SUPPLIED DATA: Begin

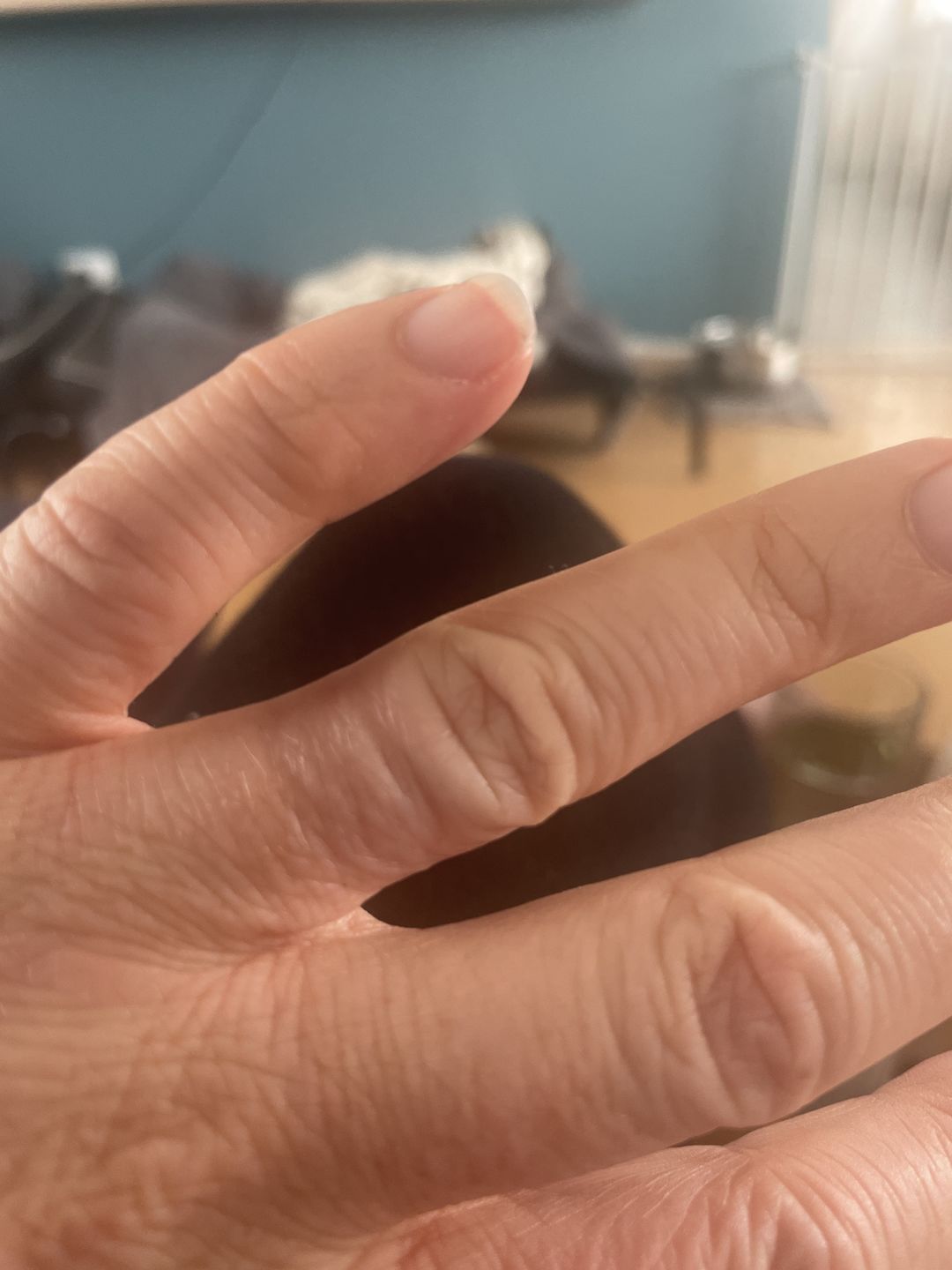 Customer photo review of Eczema Saviour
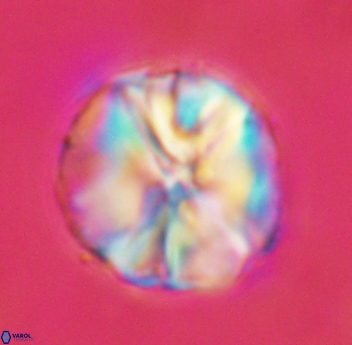 Assipetra youngii 4654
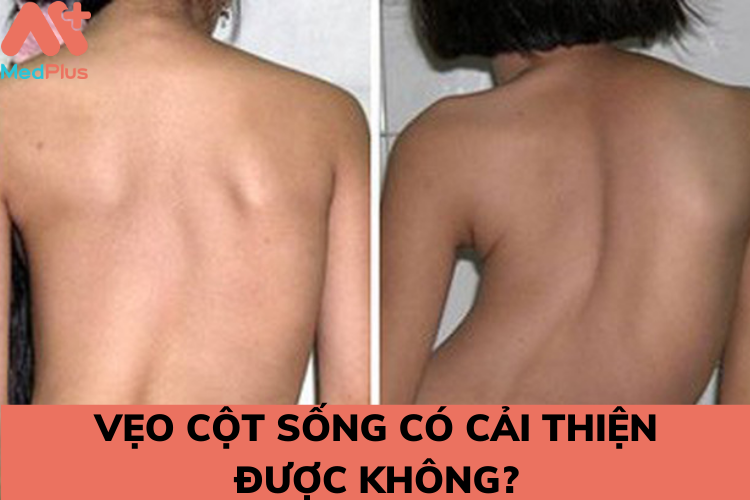 benh veo cot song - Medplus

SUPPLIED DATA: End

With the pictures left out, transcribe the material exactly.

 Customer photo review of Eczema Saviour
 Assipetra youngii 4654
 benh veo cot song - Medplus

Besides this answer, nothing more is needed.